Described as armed, masked and riding horses, a mob of about 50 people rode to the Walker farm near Hickman in Fulton County on Oct. 3, 1908, and set the house on fire because David Walker refused to leave “to be whipped.” As the family attempted to escape, the mob shot him, his wife and their five children, including the 2-year-old. The Walkers’ oldest son burned to death inside the cabin, several newspapers reported. Three children survived.
In Western Kentucky and Northern Tennessee, the Night Riders had formed two years earlier. Born from a group of tobacco planters and fishermen resisting industrial monopolies, some turned into anti-Black armed vigilantes, historians say.
This work is a collaboration of the Howard Center for Investigative Journalism and Capital News Service at the University of Maryland, Morgan State University, Hampton University, Howard University, Morehouse College, North Carolina Agricultural & Technical State University and the University of Arkansas.
Violence escalated in 1908, when about 14 African Americans lost their lives at the hands of mobs. In addition to the Walker family, the cases included four men lynched in Russellville, Kentucky, and lynchings and terror that drove out the Black citizens of Birmingham, Kentucky, historians and researchers found.
As violence escalated, Kentucky newspapers contributed to a climate of terror by calling the victims bad negroes, “barbaric” or lazy and promiscuous. The (Louisville) Courier-Journal reported the “negro’s tendency to crime” on its front page, and small-town newspapers such as The Hickman Courier reprinted notes of warning: “To the Nigros of Hickman You are expected to Be absent May the 1st 1908 — espsly H—-s and Loffers or there will be Something doing. We Mean Bisness.”
‘In their place’
The Night Riders’ visit to David Walker, who owned a 2 ½-acre farm, was prompted by an altercation Walker had with a white woman. When they arrived, Walker defied the mob. “He tried to protect his family and stood for himself,” said Melinda Meador, a local historian and attorney. His defiance was met with the “cruelest terms imaginable,” she said.
National newspapers condemned and expressed shock at the brutality of the attack, Meador said. The Hickman Courier, established in 1859 by editor George Warren, justified it. “Walker was a bad negro,” the paper reported on Oct. 8, 1908.
“The posse who killed the negroes went to his home with no other intention than that of giving the negro a good, sound thrashing, but were compelled to do violence because he brought it on himself,” the newspaper reported, without citing a source.
“The characterization of lynchings in the newspaper was almost always defensive. There is always some rationale, there is always some reason for why someone deserved to be lynched,” Meador said.
Newspapers sometimes said it was too bad a lynching had occurred because it had brought shame to the community, said George C. Wright, historian and senior adviser to the president at the University of Kentucky. “But it would say it was justified because of the bad behavior of Blacks,” he said.

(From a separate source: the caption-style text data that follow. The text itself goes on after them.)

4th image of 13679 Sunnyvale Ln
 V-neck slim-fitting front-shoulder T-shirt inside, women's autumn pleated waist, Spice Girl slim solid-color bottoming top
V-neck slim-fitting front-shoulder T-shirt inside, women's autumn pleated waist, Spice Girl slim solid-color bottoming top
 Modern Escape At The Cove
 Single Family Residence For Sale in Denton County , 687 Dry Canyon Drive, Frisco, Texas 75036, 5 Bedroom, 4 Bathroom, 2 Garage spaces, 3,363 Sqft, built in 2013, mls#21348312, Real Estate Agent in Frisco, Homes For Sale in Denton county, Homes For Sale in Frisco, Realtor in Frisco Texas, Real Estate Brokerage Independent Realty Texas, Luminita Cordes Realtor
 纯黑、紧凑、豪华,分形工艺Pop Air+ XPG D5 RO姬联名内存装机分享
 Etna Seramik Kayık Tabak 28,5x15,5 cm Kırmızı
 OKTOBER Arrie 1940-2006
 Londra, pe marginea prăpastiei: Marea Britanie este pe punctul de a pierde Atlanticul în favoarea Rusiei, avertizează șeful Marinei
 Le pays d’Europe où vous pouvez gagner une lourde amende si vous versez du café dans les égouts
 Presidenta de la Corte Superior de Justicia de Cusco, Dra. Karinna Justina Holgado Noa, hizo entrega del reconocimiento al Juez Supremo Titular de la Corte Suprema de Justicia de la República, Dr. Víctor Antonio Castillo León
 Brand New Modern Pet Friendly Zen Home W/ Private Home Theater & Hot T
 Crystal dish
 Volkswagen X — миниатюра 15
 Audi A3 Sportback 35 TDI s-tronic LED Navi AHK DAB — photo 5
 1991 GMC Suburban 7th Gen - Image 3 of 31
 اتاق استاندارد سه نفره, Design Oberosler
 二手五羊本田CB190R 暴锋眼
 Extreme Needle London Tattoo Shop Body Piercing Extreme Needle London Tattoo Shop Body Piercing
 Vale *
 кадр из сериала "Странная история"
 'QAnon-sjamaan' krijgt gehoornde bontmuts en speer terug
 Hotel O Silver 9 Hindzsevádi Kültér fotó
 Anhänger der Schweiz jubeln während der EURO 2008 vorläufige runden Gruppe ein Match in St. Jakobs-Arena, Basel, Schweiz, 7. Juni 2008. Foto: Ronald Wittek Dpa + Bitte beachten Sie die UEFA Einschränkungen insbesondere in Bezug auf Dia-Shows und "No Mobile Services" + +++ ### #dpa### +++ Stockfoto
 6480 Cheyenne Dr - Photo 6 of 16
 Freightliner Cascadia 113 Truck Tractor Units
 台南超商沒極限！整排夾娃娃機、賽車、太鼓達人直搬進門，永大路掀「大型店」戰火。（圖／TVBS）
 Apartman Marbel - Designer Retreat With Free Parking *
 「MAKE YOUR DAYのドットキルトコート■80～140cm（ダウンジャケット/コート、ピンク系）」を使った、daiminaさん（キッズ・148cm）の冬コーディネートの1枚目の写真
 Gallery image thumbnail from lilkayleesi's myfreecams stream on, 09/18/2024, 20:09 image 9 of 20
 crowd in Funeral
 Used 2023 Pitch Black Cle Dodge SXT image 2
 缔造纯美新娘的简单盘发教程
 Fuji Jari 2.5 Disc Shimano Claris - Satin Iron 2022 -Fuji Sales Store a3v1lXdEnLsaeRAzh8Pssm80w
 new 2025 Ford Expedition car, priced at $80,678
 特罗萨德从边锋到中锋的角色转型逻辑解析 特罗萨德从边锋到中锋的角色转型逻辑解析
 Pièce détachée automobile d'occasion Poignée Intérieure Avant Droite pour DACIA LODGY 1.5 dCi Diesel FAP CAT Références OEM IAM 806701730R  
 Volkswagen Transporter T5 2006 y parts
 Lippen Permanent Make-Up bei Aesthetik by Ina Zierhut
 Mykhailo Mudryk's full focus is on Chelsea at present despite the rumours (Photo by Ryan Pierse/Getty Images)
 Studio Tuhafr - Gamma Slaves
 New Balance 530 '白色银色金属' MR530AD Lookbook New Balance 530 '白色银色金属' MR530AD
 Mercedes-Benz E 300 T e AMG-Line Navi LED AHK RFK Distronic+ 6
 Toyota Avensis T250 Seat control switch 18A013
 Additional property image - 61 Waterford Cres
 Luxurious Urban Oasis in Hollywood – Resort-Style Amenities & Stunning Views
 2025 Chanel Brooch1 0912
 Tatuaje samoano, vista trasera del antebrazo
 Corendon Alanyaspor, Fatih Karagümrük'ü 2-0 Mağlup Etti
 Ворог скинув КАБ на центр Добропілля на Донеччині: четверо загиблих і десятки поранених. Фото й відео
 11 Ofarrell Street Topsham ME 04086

On Oct. 15, 1908, the newspaper printed a front-page editorial justifying the murder of the family. Walker “was no saint,” the editorial said, “neither his wife and 18-year-old girl, all of whom are said to have insulted a white lady with the most rank profanity.”
Anti-Black sentiment ran rampant in Southern newspapers, Wright said. “It’s almost hard to find Southern newspapers during that time, almost anywhere, that would have taken a different point of view,” he said.
In Jackson Purchase, a region comprised of eight counties in Western Kentucky, the pro-Confederate media appealed to white Kentuckians who felt betrayed because the government abolished slavery, said Berry Craig, professor of history at the West Kentucky Community and Technical College in Paducah. “Like a phoenix rising from the ashes, the Rebel press in Kentucky experienced a rebirth,” Craig wrote.
In 2017, The Hickman Courier, once a pro-Confederacy newspaper, merged with The Fulton Leader and The Hickman County Gazette and is now known as The Current, a newspaper based in Fulton, Kentucky.
Intimidate and scare
In Russellville, Kentucky, four nooses hang from the branches of a tree in a museum. Each noose represents a victim: John Boyer, Joe Riley, and brothers Virgil Jones and John Jones.
On Aug. 1, 1908, a mob of about 50 to 100 men dragged the four Black men out of the Logan County jail and hanged them on the same cedar tree where other Black people were lynched years earlier, The Courier-Journal newspaper reported.
The mob descended on the jail to kill and make them an example of the men, said Michael Morrow, archivist, curator and director of the Struggles for Emancipation and Equality (SEEK) Museum, where an exhibit is dedicated to the history of racial violence in Russellville.
Weeks before the attack, Rufus Browder, a Black man who was a tenant worker on a farm, told a jury he killed James Cunningham —‚ a white overseer at the farm and head of the Night Riders in Russellville — in-self defense.
The morning of July 13, Browder and Cunningham argued and “a shoot-out ensued; leaving Cunningham dead and Browder wounded,” according to a plaque at the SEEK Museum.
After Browder was arrested, a mob attempted to raid the jail. Logan County Jailer James Butts snuck Browder out of the prison and transferred him to Bowling Green to await his trial. Browder was sentenced to life in prison, where he died of tuberculosis, Morrow said.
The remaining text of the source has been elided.